Stored records —
--------------------------------

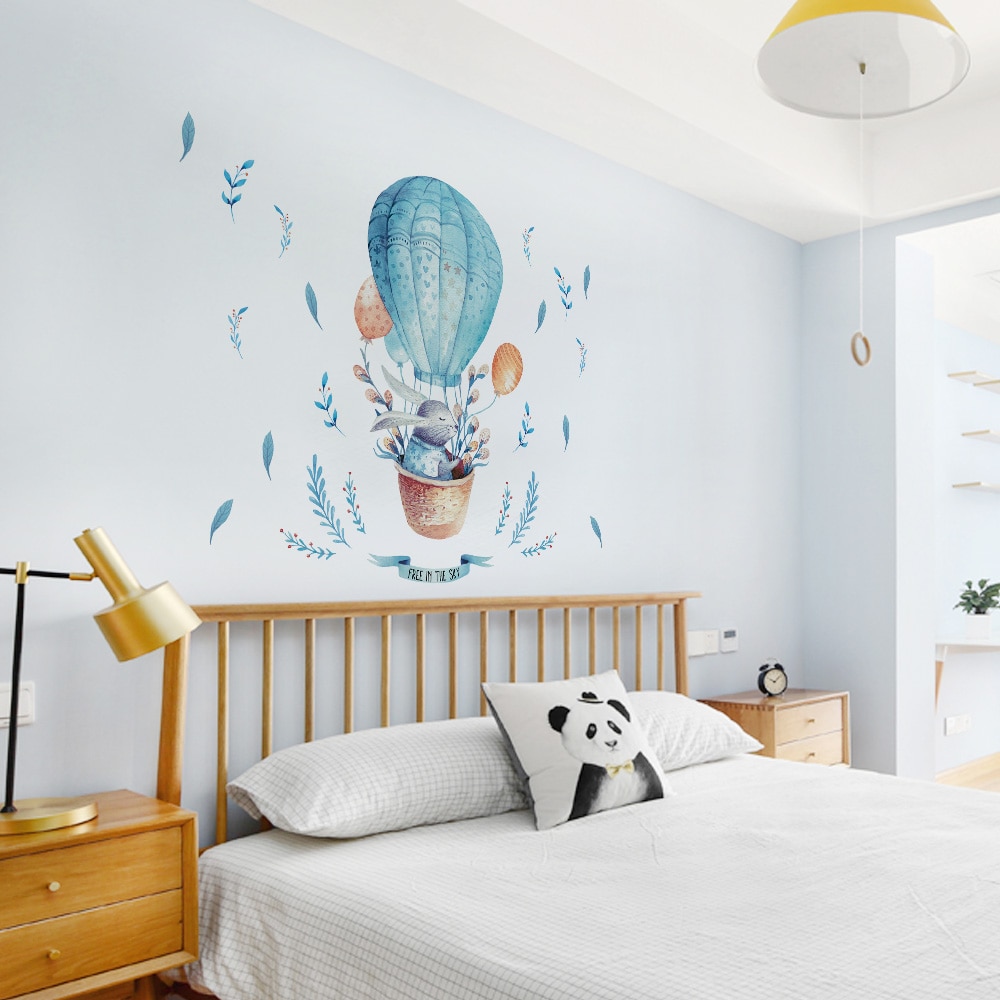 Tegneserie dyr kanin luftballon børn wallsticker klistermærker babyværelse dekoration vinyl tapet dejligt vægmaleri nordisk stil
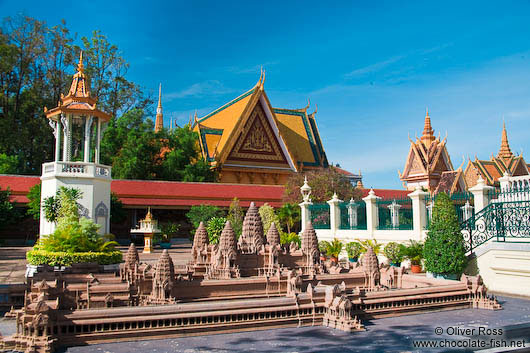 Small model of Angkor Wat near the Silver Pagoda in the Royal Palace grounds at Phnom Penh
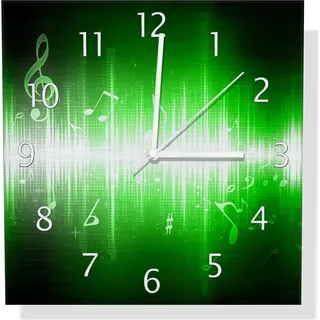 Wallario Design Wanduhr Grüne Noten der Musik aus Aluverbund, Größe 30 x 30 cm - Grün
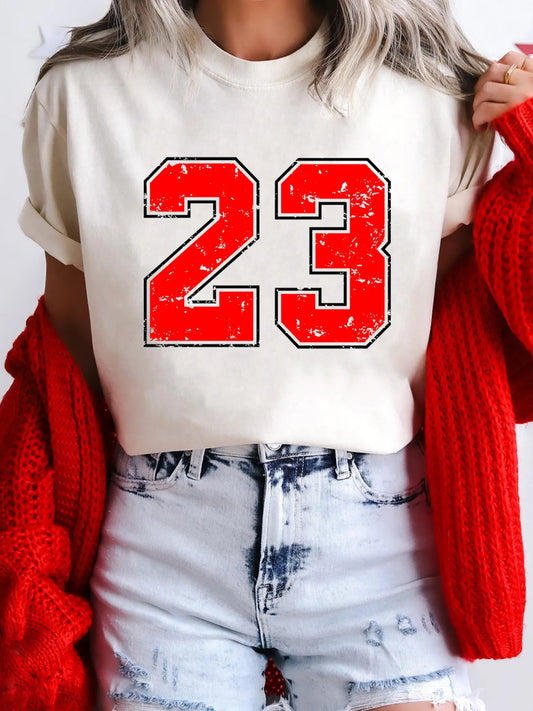 Number 23 Round Neck Casual T Shirt - Merit Sell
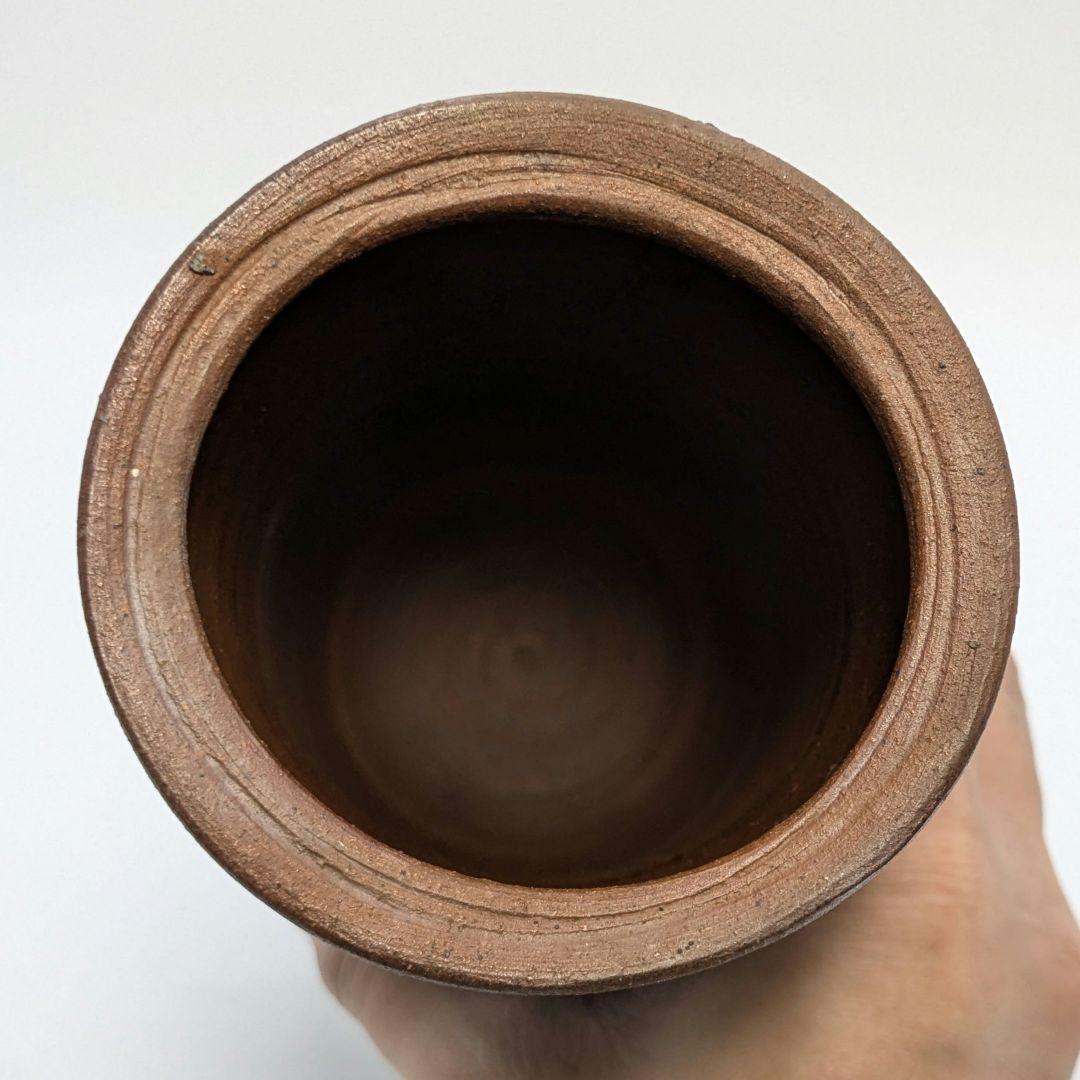 岡山県重要無形文化財 伊勢崎満 備前焼 花生 共箱合布 花入 花瓶 花器 置物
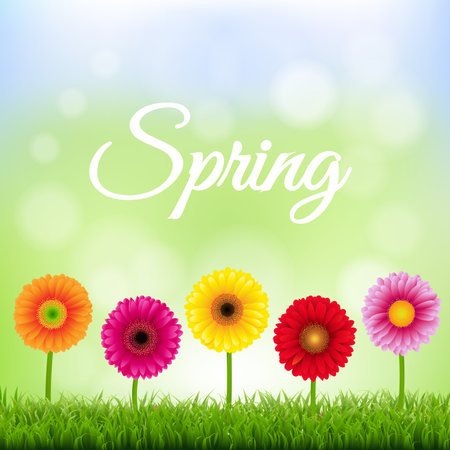 Spring Banner With Flowers With Gradient Mesh Illustrationのイラスト素材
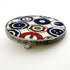 Brooch Metal and Silk Multi Color White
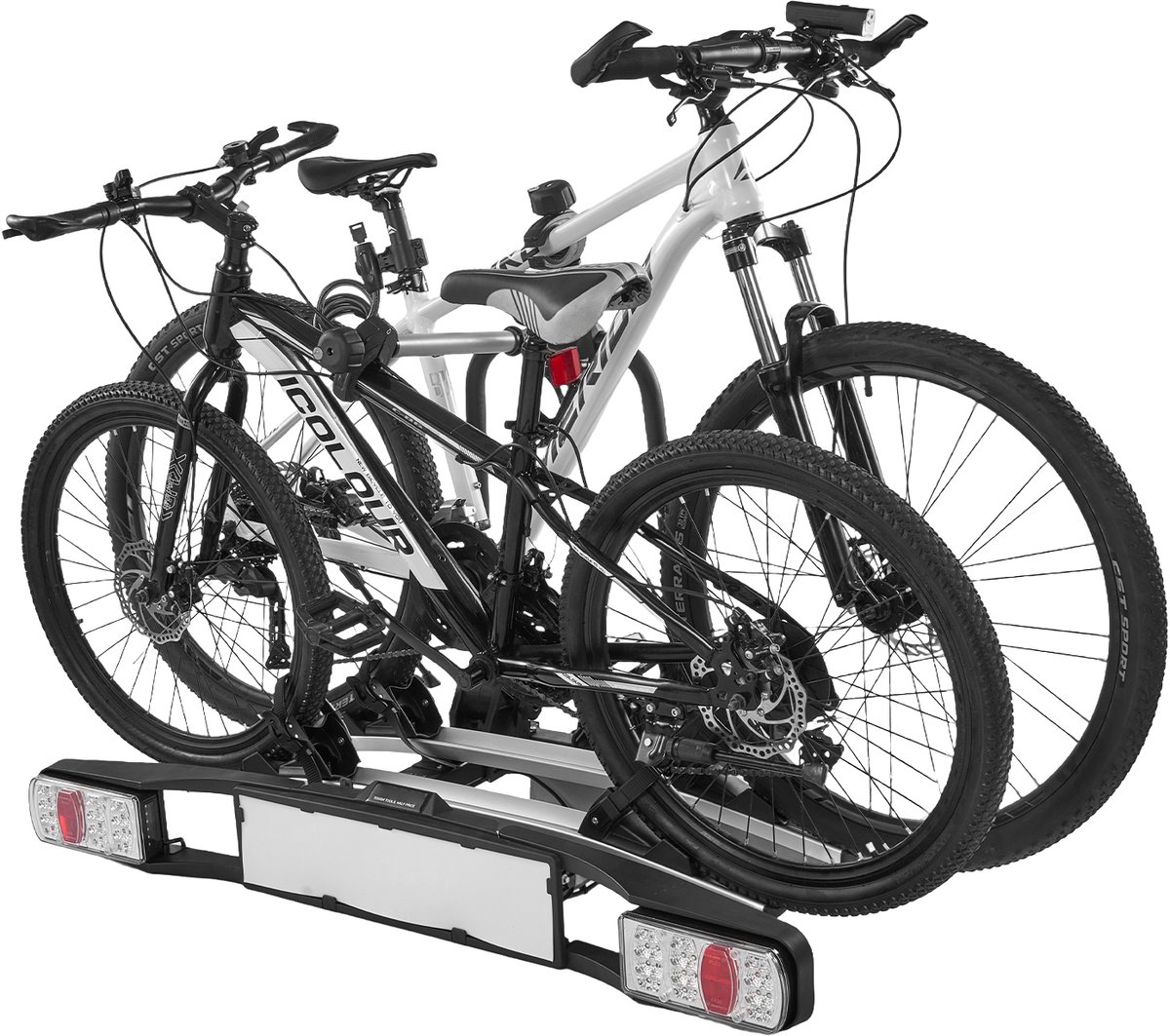Fietsendrager, 5 cm Trekhaak, 2-Fietsendrager met 65 Kg Draagvermogen, Afsluitbare Uitvoering voor Elektrische Fietsen, InclUSief Achterlicht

--------------------------------

Work to be completed —
Produce an exact copy of the lines from the line with "Brooch Metal and Silk Multi Color White" through the last line of the data above, both ends included. No pictures belong in it.

Finished exercise —
 Brooch Metal and Silk Multi Color White
Fietsendrager, 5 cm Trekhaak, 2-Fietsendrager met 65 Kg Draagvermogen, Afsluitbare Uitvoering voor Elektrische Fietsen, InclUSief Achterlicht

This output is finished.